Pick out each line of the records that includes the string "Area", and copy it.

= = =

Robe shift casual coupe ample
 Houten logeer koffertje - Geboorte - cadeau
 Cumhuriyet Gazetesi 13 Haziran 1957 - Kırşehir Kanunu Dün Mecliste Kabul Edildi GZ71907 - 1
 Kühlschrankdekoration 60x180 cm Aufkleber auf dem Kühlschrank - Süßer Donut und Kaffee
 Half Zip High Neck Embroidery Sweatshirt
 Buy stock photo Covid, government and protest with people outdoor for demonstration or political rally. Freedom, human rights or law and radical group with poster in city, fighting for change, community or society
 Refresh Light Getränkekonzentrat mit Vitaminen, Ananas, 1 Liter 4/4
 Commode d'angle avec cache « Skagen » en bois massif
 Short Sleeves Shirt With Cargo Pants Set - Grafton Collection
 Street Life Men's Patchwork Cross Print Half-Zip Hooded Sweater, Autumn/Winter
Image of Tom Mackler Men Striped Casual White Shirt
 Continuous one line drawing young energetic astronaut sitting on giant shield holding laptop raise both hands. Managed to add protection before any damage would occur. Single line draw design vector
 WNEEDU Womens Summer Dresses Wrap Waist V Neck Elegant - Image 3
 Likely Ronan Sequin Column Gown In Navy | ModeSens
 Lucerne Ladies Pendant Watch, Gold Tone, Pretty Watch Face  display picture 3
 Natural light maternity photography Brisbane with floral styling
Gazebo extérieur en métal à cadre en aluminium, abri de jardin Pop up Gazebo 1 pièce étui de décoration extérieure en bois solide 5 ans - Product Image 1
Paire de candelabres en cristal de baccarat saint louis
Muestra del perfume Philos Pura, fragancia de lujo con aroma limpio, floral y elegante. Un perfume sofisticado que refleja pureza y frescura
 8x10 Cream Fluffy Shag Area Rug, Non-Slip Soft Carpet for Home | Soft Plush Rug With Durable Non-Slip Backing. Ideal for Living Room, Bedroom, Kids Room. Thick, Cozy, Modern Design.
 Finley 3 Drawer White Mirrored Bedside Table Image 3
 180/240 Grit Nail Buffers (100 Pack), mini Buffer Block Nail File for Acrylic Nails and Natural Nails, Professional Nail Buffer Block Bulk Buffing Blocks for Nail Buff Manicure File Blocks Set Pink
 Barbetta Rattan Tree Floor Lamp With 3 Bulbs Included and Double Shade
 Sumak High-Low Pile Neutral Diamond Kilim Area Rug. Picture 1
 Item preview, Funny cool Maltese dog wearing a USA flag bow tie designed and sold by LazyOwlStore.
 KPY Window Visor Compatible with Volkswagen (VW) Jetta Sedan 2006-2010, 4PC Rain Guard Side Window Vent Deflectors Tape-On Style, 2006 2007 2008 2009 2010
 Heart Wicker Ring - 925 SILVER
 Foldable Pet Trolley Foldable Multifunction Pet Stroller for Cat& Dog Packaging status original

= = =

**EXERCISE SOLUTION:**
 8x10 Cream Fluffy Shag Area Rug, Non-Slip Soft Carpet for Home | Soft Plush Rug With Durable Non-Slip Backing. Ideal for Living Room, Bedroom, Kids Room. Thick, Cozy, Modern Design.
 Sumak High-Low Pile Neutral Diamond Kilim Area Rug. Picture 1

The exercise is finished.